This autumn conference in Glasgow, Aldes is teaming up with the Chinese Liberal Democrats to run a discussion panel on the challenges and opportunities for the UK’s research sector in working with – or having to compete with – the rapid growth of China’s science and technology industry.
China now invests over 1.98% of its GDP in research and development: a higher proportion than both the UK and the EU average, and is on track to hit a target of 2.5% of GDP by 2020. It also produces over 10% of all scientific papers published worldwide. Though the UK’s proportional investment in R&D is lower (1.7% of GDP in 2011), we still have a high research output, especially when looking at highly-cited research papers.
But is the UK taking full advantage of potential partnerships with Chinese research and industry? And are UK researchers well enough informed about the risks and benefits of collaboration? We will hear from a panel of experts from a wide range of backgrounds to explore the current state of UK-China collaboration, and what could be done to improve outcomes.
13.00–14.00, Sunday 5 October 2014
Castle 3, Crowne Plaza Hotel
Chair: Merlene Toh Emerson
Merlene is a former City solicitor with experience in international joint ventures and cross-border finance. On leaving full time legal practice, she re-qualified as a mediator and was co-founder of Chinese Liberal Democrats and Chinese Welfare Trust (a national charity). She stood as the Lib Dem Parliamentary candidate in Hammersmith in 2010 and for the London Assembly in 2008 and 2012. She was a member of the business delegation accompanying Business Secretary Dr Vince Cable to China in May this year.
Tom Saunders is a Senior Researcher at Nesta focusing on the Chinese innovation system and a joint author of the report ‘China’s Absorptive State: Innovation and Research in China‘. Prior to Nesta, he also worked in fundraising and research for the media and policy NGO chinadialogue, as an advisor and consultant for the tech transfer programme Innovation China UK, as well as at Demos and for a member of parliament.

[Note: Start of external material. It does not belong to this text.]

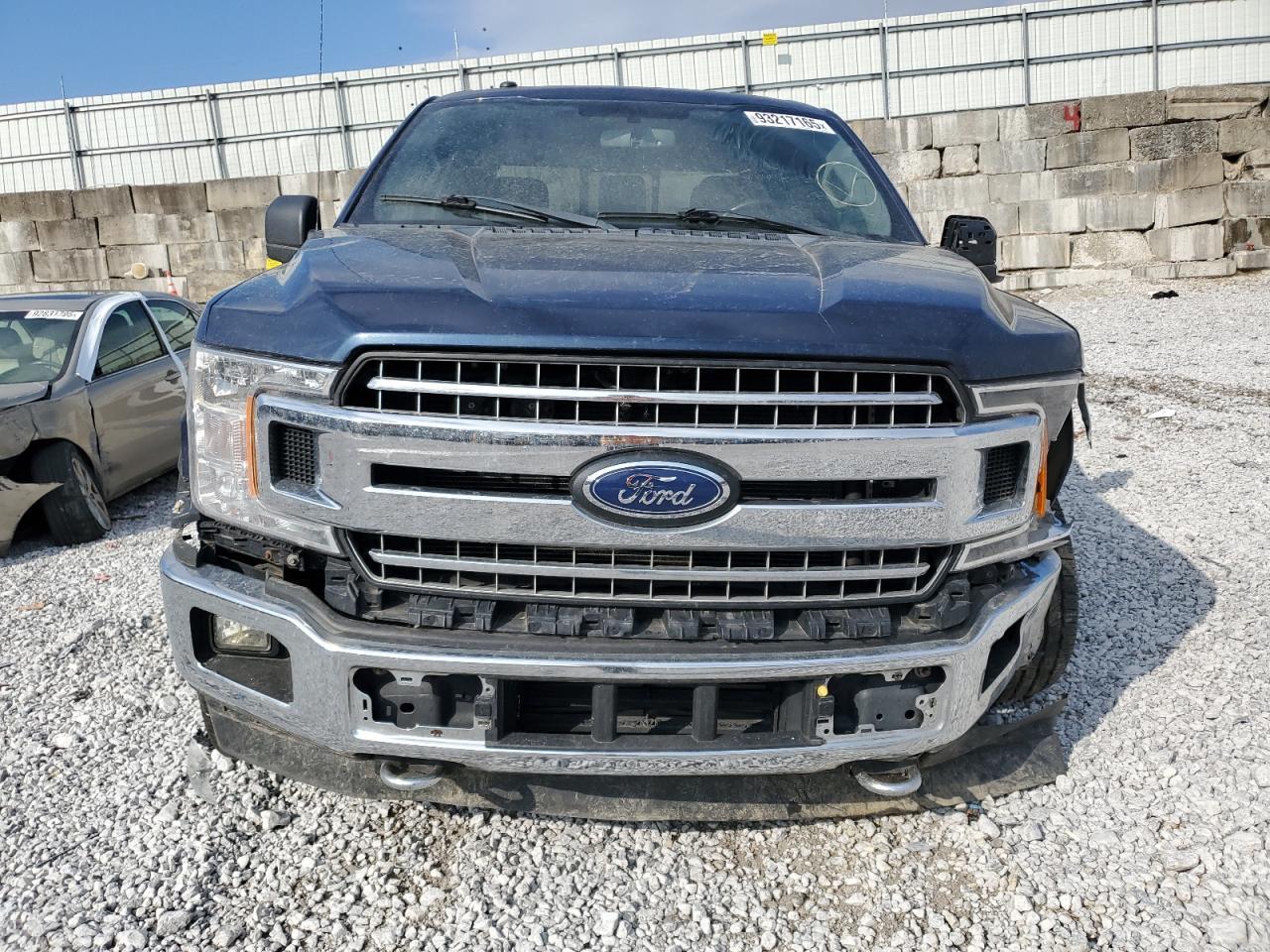 2018 Ford F150 Supercrew - Фото 5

Professor Tariq Durrani is Vice President of the Royal Society of Edinburgh. He led the development of the University of Strathclyde’s country-leading research group on Signal Processing and was notable for building successful research partnerships between academia, industry and government. More recently, he has been instrumental in the formation of international research collaborative ventures, including the China-Scotland Research Academy on Signal Image Processing (SIPRA), comprising nine high profile Chinese and five UK Universities for collaborative research and staff/student exchanges.

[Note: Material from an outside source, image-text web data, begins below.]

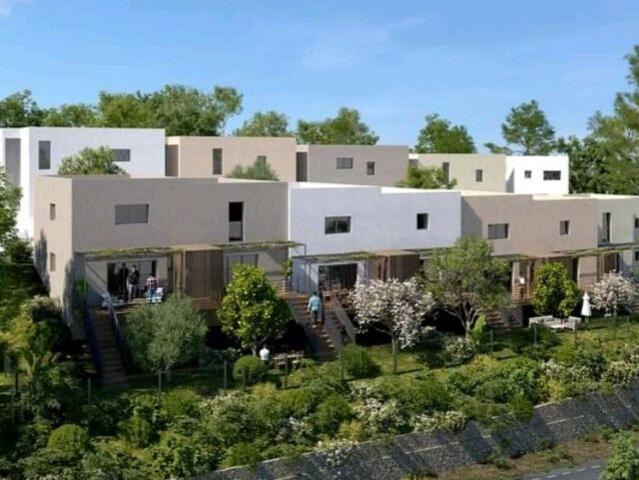 4 pièces · 105.36 m²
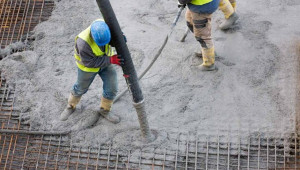 Η απεργία σκυροδέματος κλιμακώνει την κρίση - Στα όριά τους οι εταιρείες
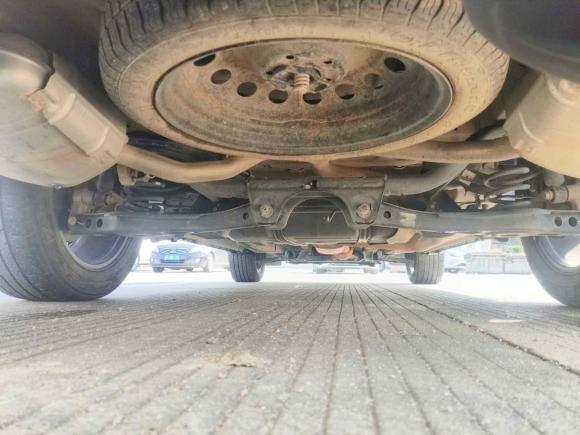 [宁波·浙F] 二手奇瑞瑞虎82021款 鲲鹏版 290TGDI 自动逐风版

Professor Durrani has visiting appointments at Princeton, the University of Southern California, Stirling University (UK), the Chinese University of Hong Kong, Khalifa University in Sharjah (United Arab Emirates), and UESTC Chengdu in China. He is a candidate for President of the IEEE in 2015.
Dr Cong Cao is one of the leading scholars in the social studies of China’s science, technology, and innovation. He is the author of China’s Scientific Elite, China’s Emerging Technological Edge: Assessing the Role of High-End Talent (with Denis Fred Simon), and the forthcoming Genetically Modifying China. In August 2013, he led an effort to publish a paper in the journal Science pinpointing the problems of China’s S&T system at the macro, meso, and micro levels and suggesting possible ways of reform. This year he published a further paper with Yutao Sun addressing China’s central R&D expenditure.
Dr Cao has been invited by China’s State Council Development Research Center and the World Bank to review the innovation part of the joint research China 2020. His research has been supported by the U.S. National Science Foundation, IBM, European Union, among others.
Graham is a Patent and Design Attorney with Marks & Clerk LLP and advises clients on a variety of IP-related issues, covering a wide range of fields including electronics, telecoms, energy, cleantech, oil and gas, automotive, defence and software-related inventions. His clients range from major multinational corporations and leading universities to SMEs and spinouts. Graham has assisted many clients in successfully obtaining IP protection in China and Hong Kong.
Marks & Clerk has one of the longest established Beijing offices of any international IP firm, and has the largest team in Hong Kong of multilingual specialists qualified and experienced in both intellectual property law and technology disciplines. The Marks & Clerk network features some 250 IP professionals across 17 offices in 9 countries worldwide.